Ein führendes Unternehmen im Automobilmarkt hat für eine bestimmte Marke vom bisherigen Händlermodell auf ein zentrales Agenturmodell umgestellt. Das Vergütungssystem sieht vor, dass sämtliche wesentliche vertrags- und marktspezifische  Kosten und Investitionen durch das führende Unternehmen im Automobilmarkt getragen werden, aber im Gegenzug wird der Händler für die verkauften Fahrzeuge mit Provision vergütet.


Die Charakteristik des Agenturmodells ist, dass ein Unternehmen die Preise und Kundeninteraktionen direkt steuern kann, während der Agent des Unternehmens bloss als verlängerter Vertriebspartner auftritt.
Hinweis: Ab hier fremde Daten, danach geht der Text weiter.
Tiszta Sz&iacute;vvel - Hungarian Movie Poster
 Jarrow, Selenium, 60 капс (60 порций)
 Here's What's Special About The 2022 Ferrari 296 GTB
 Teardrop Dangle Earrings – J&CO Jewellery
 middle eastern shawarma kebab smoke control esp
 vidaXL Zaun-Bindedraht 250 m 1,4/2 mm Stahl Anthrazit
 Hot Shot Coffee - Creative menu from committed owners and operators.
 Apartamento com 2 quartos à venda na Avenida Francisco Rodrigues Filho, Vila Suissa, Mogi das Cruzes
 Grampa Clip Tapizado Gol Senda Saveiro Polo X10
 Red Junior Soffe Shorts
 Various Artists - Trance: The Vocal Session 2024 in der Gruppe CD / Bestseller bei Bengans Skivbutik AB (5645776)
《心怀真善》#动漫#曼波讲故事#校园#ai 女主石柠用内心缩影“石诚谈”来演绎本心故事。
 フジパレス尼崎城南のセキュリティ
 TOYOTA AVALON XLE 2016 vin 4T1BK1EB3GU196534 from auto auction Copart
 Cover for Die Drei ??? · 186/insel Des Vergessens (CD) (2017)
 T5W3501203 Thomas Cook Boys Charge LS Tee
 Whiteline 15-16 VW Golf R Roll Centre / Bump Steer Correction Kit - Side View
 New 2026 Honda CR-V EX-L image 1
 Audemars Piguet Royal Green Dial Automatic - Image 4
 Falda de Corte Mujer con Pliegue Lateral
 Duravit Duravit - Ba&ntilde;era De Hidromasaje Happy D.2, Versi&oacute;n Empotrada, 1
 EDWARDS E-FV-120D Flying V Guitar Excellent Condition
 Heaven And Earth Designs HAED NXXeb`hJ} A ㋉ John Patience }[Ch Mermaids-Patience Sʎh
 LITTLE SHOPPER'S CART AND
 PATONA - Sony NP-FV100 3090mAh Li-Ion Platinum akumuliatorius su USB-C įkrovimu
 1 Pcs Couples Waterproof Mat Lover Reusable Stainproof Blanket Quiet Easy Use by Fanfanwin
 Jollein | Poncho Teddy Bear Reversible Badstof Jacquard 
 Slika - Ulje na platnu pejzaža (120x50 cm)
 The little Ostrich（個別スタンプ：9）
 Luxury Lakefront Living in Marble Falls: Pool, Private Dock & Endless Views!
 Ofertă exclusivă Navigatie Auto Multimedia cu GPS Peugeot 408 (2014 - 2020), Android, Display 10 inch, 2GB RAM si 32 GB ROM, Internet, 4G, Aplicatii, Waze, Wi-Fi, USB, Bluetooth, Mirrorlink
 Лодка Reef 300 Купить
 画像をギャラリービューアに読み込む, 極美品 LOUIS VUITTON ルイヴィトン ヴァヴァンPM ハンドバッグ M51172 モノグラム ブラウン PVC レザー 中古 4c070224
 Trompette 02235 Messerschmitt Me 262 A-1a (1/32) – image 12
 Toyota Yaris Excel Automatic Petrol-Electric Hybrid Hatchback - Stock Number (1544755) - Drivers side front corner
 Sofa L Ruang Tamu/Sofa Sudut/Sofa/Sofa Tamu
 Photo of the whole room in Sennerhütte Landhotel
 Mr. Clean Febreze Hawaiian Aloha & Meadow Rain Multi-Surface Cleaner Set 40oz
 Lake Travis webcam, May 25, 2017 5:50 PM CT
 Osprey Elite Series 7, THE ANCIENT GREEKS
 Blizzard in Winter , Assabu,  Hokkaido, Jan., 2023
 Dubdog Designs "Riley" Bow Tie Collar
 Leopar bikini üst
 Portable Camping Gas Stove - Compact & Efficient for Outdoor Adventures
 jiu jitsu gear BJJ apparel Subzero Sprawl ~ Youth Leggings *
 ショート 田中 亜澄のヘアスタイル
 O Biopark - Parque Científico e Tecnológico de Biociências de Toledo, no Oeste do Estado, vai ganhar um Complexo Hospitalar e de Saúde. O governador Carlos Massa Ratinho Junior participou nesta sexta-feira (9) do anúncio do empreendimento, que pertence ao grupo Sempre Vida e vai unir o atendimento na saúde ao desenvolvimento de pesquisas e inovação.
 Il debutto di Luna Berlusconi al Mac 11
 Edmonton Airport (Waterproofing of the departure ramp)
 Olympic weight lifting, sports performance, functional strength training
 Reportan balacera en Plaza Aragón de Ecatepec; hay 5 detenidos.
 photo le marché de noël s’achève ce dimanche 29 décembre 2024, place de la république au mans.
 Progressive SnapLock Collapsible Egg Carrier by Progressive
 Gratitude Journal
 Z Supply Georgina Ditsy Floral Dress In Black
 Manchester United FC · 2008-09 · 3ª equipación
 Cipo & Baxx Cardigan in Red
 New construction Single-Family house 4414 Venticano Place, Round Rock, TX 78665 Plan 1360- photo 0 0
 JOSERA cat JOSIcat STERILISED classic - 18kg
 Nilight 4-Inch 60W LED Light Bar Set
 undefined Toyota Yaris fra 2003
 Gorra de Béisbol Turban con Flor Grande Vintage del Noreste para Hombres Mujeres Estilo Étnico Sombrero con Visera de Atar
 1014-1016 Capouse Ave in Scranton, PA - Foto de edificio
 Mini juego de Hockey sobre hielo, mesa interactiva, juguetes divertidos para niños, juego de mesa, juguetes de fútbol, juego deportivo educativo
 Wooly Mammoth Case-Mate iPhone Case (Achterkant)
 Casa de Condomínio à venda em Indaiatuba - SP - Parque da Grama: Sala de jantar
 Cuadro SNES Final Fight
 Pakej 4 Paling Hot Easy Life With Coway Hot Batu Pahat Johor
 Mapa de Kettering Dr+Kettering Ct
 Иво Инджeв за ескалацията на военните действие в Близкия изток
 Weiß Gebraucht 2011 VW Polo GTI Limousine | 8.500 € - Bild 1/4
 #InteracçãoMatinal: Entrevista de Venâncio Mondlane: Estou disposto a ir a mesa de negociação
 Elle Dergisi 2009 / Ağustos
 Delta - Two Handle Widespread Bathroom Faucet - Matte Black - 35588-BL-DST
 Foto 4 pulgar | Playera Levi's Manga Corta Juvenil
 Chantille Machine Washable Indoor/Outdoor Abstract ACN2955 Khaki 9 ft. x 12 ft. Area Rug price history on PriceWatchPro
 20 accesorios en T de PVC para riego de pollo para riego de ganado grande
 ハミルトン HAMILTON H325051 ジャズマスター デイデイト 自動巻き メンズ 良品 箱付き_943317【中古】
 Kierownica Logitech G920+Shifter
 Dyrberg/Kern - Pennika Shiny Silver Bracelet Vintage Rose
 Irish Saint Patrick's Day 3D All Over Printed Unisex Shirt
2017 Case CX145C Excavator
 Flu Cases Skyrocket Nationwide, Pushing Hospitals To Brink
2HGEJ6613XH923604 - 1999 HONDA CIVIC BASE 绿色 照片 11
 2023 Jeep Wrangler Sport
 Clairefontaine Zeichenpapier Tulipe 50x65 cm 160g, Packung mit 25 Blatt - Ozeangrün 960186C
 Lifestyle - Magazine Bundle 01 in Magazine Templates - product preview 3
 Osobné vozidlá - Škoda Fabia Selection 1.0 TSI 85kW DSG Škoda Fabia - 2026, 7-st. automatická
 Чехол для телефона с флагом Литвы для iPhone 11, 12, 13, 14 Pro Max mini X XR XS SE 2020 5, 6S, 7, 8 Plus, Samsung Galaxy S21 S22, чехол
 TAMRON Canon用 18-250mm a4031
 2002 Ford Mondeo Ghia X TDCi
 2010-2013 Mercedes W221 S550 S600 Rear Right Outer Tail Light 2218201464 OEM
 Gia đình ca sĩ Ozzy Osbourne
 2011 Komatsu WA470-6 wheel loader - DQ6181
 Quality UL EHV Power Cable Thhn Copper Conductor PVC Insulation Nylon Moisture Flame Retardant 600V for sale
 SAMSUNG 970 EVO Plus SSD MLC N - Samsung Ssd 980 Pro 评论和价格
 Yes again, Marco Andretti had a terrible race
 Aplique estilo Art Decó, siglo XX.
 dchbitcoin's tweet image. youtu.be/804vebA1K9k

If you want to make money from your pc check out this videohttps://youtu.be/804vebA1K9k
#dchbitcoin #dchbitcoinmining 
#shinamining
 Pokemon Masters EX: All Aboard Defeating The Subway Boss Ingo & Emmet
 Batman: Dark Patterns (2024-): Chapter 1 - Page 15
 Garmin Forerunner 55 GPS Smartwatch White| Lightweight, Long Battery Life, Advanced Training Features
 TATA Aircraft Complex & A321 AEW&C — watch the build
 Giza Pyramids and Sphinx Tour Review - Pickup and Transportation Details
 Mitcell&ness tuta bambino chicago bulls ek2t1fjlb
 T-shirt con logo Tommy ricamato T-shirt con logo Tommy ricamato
Die Agenten haben im Unterschied zum bisherigen Händlermodell keine Eigentumsrechte an den verkauften Fahrzeugen und tragen keine wesentlichen finanzielle oder wirtschaftliche Risiken.

Falls der Händler als echter Agent qualifiziert wird, können in Bezug auf den Vertragsgegenstand des Händlers mit dem Autohersteller keine Wettbewerbsabreden nach Art. 4 Abs. 1 KG getroffen werden. Denn sie können durch ihre Beziehung nicht mehr als unabhängige Marktteilnehmer handeln. Falls die Anregungen des Sekretariats umgesetzt werden, sind die Voraussetzungen des echten Agenten erfüllt und es liegt keine Wettbewerbsabrede vor. Falls die Anregungen hingegen nicht erfüllt werden und kein echter Agent vorliegt, könnten Wettbewerbsabreden vorliegen, welche unzulässig wären und zu Sanktionen führen könnten.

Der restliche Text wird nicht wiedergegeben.